Problem details: With pictures excluded, copy word for word the lines in the data below from the line containing "George Long Sleeve Dress - Grey - Size 2XL" through the line containing "Souvenir Candles - On".

Supplied records:

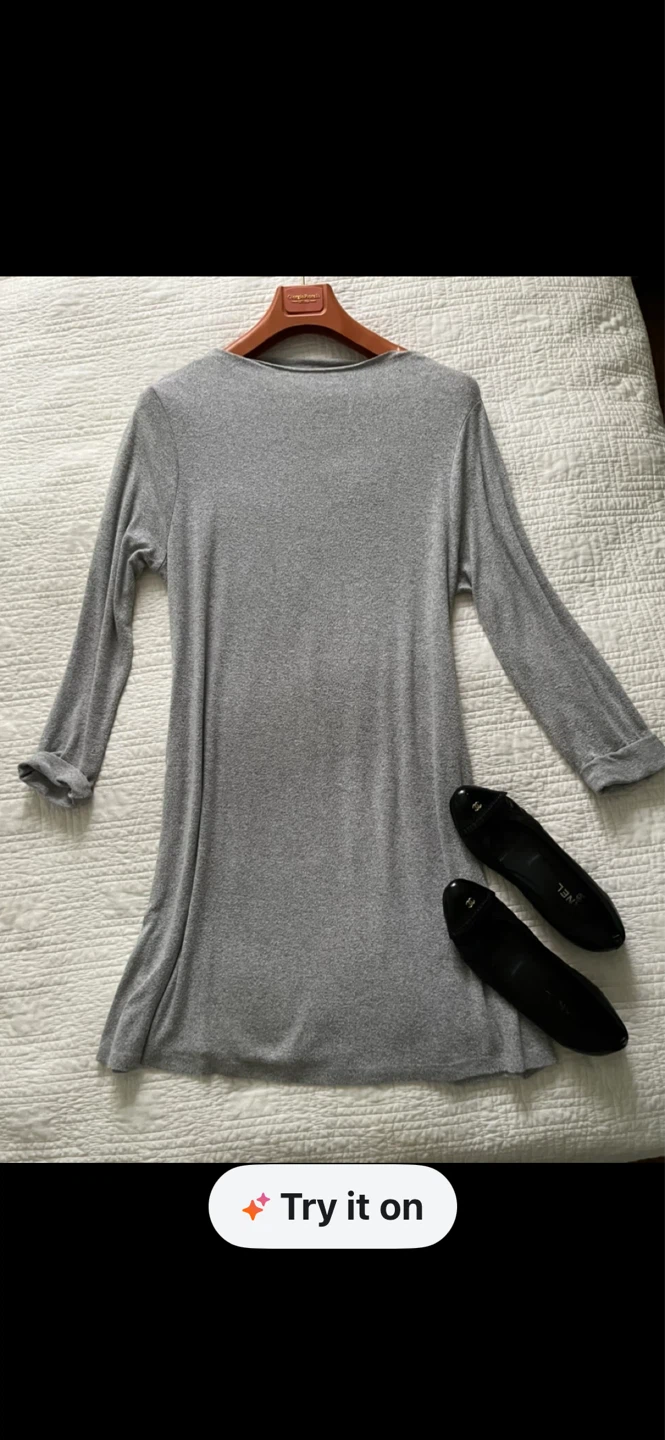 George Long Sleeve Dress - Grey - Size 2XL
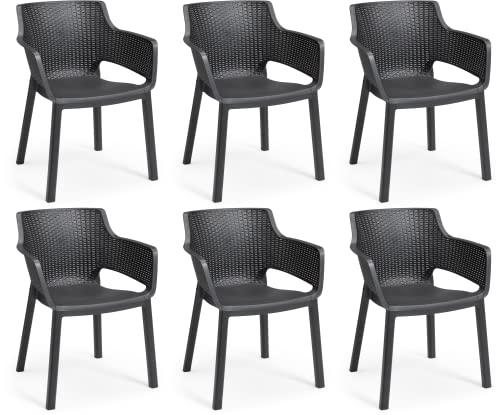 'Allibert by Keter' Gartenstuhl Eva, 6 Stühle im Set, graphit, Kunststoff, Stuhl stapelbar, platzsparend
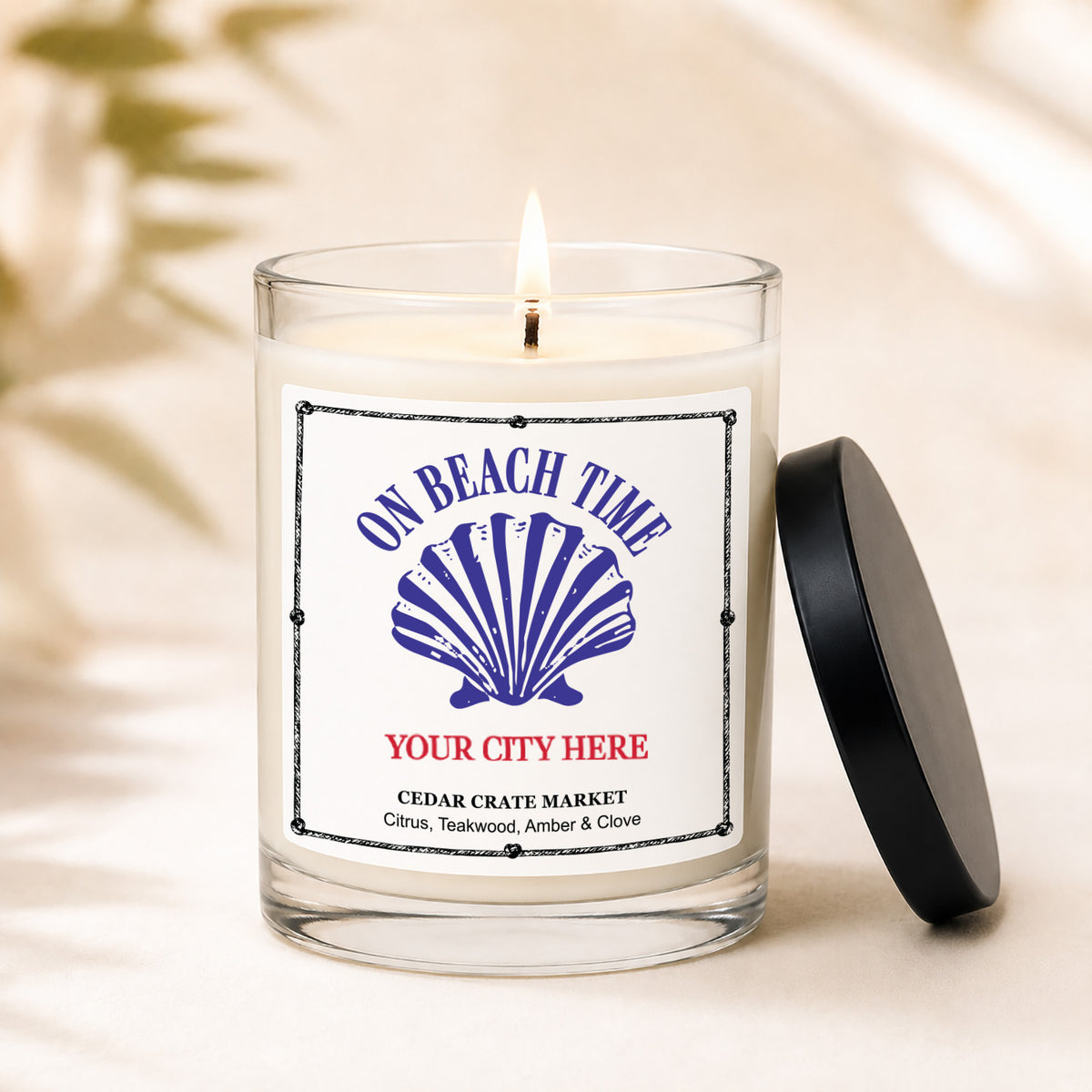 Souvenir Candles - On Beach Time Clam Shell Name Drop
---
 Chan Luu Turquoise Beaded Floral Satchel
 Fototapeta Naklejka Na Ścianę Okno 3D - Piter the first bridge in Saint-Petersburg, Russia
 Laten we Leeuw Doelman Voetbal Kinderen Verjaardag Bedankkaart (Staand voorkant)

Task output:
 George Long Sleeve Dress - Grey - Size 2XL
 'Allibert by Keter' Gartenstuhl Eva, 6 Stühle im Set, graphit, Kunststoff, Stuhl stapelbar, platzsparend
 Souvenir Candles - On Beach Time Clam Shell Name Drop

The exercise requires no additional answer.